Another thing that as we grow, I’ve also been concerned about, and luckily it hasn’t ended up being all that much of a problem in our community, but something that we all collectively will have to be on our lookout as, imagine if the PyData community grows 10 times as large as it is now. If you look at PyCon now, with 4 or 5 thousand people at the major North America PyCon, the first PyCon that I went to in 2010 was only about 1,500 people. So the Python community itself has grown significantly. And as online communities grow, inevitably there will be that small subset of people who are making things worse for everybody else. And one of the challenges in growing the community is engineering the rules and the social behaviors of the community so that things are made harder for those, what you could call bad actors. If you read a lot of Peter Hintjens, he does talk about these bad actors who make things worse for everyone else. So things like codes of conduct, that’s why sometimes you’ll see somebody making an online ruckus about a conference that doesn’t have a code of conduct. But this is actually really important. So if you’re at a conference and you see somebody who is a bad actor, that you can say, hey, you’re violating the code of conduct and that is not acceptable behavior. And we hold ourselves to a high standard. But if you don’t have those social contracts and rules in place, then it can make it harder to deal with a problematic person because you get into this situation where it’s like, I did this thing and I didn’t think that was so bad and I don’t see what you’re so upset about. But you need to say, here’s why this is offensive or here’s why you’re making things worse for everyone else so that you can weed out those bad actors.
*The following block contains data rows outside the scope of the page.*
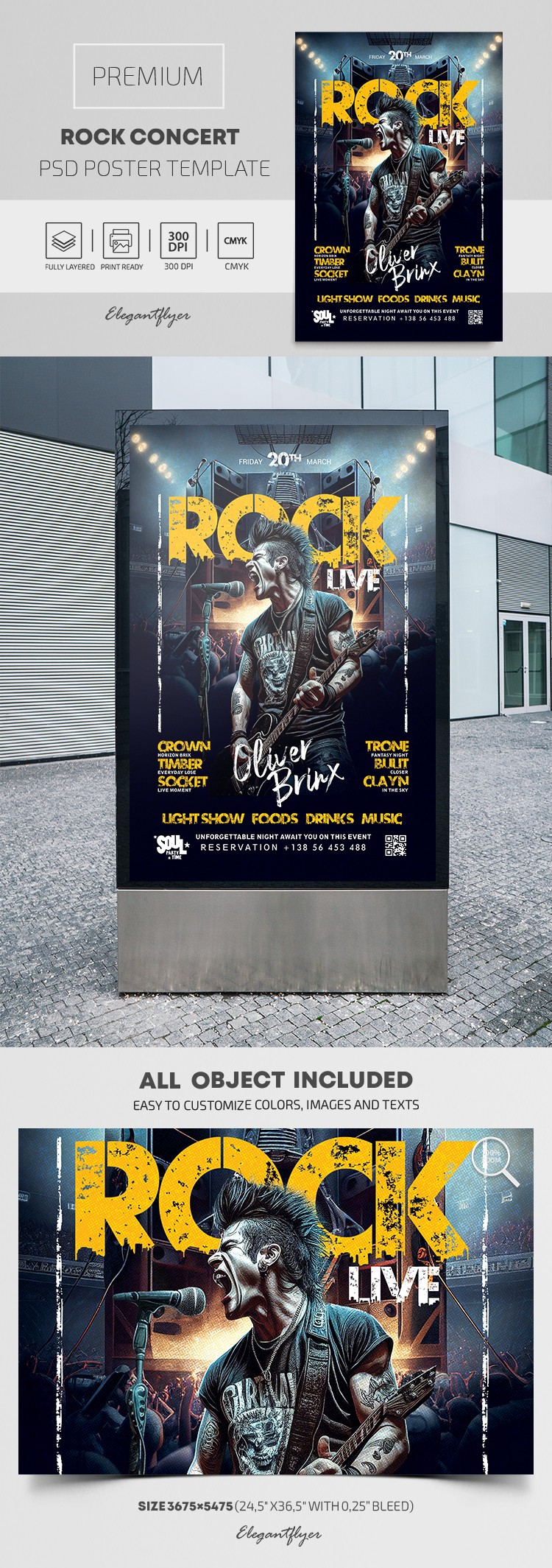 Rock Concert Poster by ElegantFlyer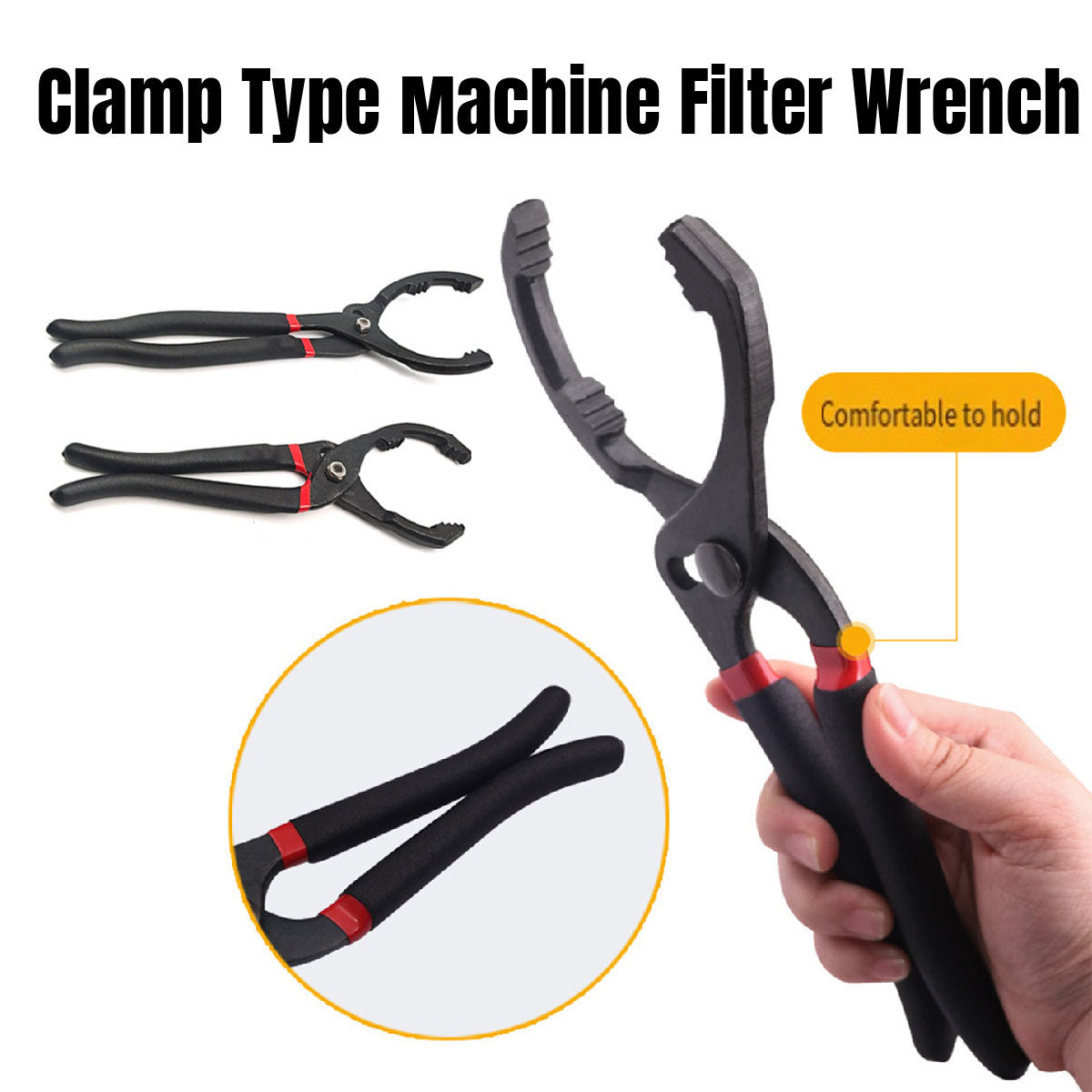 Oil Filter Pliers Wrench 10/12 Inch Heavy Duty Spanner Tool for Car Repair - 10inches V528-ELBOW-FILTER-WRENCH-10INCHES-773302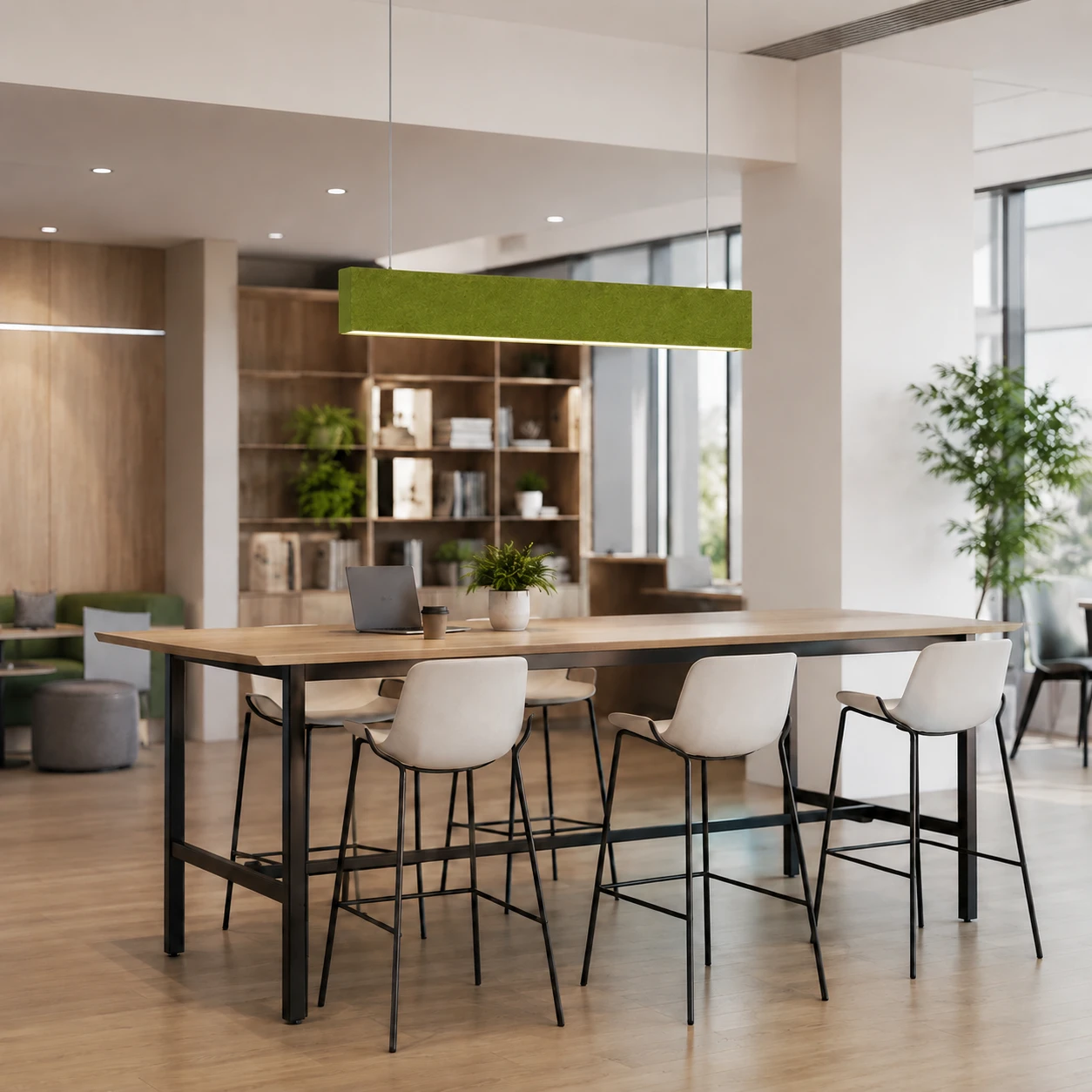 Sloped Panel Acoustic Linear Light - Image 4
And so I think it’s amazing that Peter Hintjens wrote a book called The Psychopath Code about bad actors in general for a pretty broad definition of bad actors. So I think a lot of people think of psychopaths as being like the serial killers, kind of really bad people. But if you expand the definition of psychopaths to include people with antisocial personality disorders, it’s actually a shockingly high percentage of the population. And unfortunately, programming does attract a lot of people with personality disorders. So there’s some stuff to watch out for there. It’s a great book if you’re interested or you feel like there’s been a psychopath in your life that has drained you of your energy or you feel like you might have a difficult person and you’re trying to understand, like, why can’t they see my perspective? Why are we having such a hard time communicating? And why does this person seem to not understand that they’re draining the life out of all of us? You might say, well, they could be a psychopath maybe. They just are incapable of feeling empathy. Like, it’s a real thing.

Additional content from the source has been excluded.